Time in the woods is more valuable to me than a few pictures of a waterhole or trail ... and if you have the time to scout a place to put a camera, and then check it regularly to see what is frequenting (before some schmoe deletes your pics or steals your $150+ camera) you might as well have some good glass to use while there... not to mention a trail-cam is very limited in its capture area - though good for tight spots where animals may congregate - but you don't get to choose the quality of animals that you'll get pictures of, whereas glass will go with you wherever the animals take you. :O||: 

I am bringing in some sample cameras in March to test if you are considering them seriously and maybe we could work out a "Field test" for you since I know where you live  - I would only recommend a camera with IR flash as they are not detected by wary hunters looking to get free gear off public lands -8/- (Speaking from experience of loosing a couple + treestands  )

If you are looking for some glass, that is a bit different, cause they are so wide ranging in quality and prices... figure out what the best you can afford will cost, then sit on your hands and save up for a pair of Swarovski glass or a scope... you won't regret it.


----------



## team-A&S (Feb 1, 2010)

I think you're all on crack! Glass is great when hunting the open, desert sheep, elk, or perhaps gophers on a good golf course. Trail cameras are awesome for setting up that buck for an opening day slaughter. Ok so I said it, each have their place. But one does not over power the other except for in opinion.


----------



## proutdoors (Sep 24, 2007)

MEEN said:


> 3) A big buck never uses the same path and generally even cycle feeding areas. SO even if you do get one to say cheese on your camera, good luck seeing him in the tiny spot your camera caught him in once the season rolls around. Unless you got a feeder.
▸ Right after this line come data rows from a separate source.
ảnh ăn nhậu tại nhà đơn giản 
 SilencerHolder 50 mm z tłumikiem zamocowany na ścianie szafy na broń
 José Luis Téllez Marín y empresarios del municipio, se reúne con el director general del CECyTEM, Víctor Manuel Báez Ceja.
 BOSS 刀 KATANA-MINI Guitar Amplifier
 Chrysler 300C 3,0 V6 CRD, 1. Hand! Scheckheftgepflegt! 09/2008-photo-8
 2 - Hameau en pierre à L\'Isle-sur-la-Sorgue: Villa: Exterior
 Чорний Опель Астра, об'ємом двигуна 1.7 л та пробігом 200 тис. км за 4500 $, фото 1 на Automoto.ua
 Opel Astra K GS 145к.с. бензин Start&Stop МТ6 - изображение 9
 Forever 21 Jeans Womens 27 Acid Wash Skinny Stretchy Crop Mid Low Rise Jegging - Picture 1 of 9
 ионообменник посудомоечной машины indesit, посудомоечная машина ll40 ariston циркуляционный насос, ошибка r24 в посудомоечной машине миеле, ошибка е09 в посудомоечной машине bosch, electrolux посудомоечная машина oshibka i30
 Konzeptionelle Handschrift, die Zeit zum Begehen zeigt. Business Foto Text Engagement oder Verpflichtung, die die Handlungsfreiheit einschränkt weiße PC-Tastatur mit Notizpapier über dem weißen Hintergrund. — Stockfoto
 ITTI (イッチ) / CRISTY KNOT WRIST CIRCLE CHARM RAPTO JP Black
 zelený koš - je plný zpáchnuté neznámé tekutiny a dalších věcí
I have to disagree with this claim. I think the single most effective way to consistently harvest mature mule deer bucks during archery season is by patterning them, which is easier to do than patterning mature bull elk.

Having said that, I tend to agree with team-A&S, both have their place. But, if I had to chose a camera or glass, I will take glass EVERY time. That way I can pattern them from far away.


----------



## MEEN (Jan 27, 2009)

proutdoors said:


> MEEN said:
> 
> 
> > 3) A big buck never uses the same path and generally even cycle feeding areas. SO even if you do get one to say cheese on your camera, good luck seeing him in the tiny spot your camera caught him in once the season rolls around. Unless you got a feeder.
> ...


I didn't say they didn't have a pattern. The big bucks I watch have several bedding and feeding areas so to put a camera that watches a 20 ft arc in hopes of patterning the buck is well crazy! IMO. At least we can agree on the glass.  With glass you know whats there. You never know what you will find on a camera. The best would be to have both because it depends on the situation, but that is not an option.


----------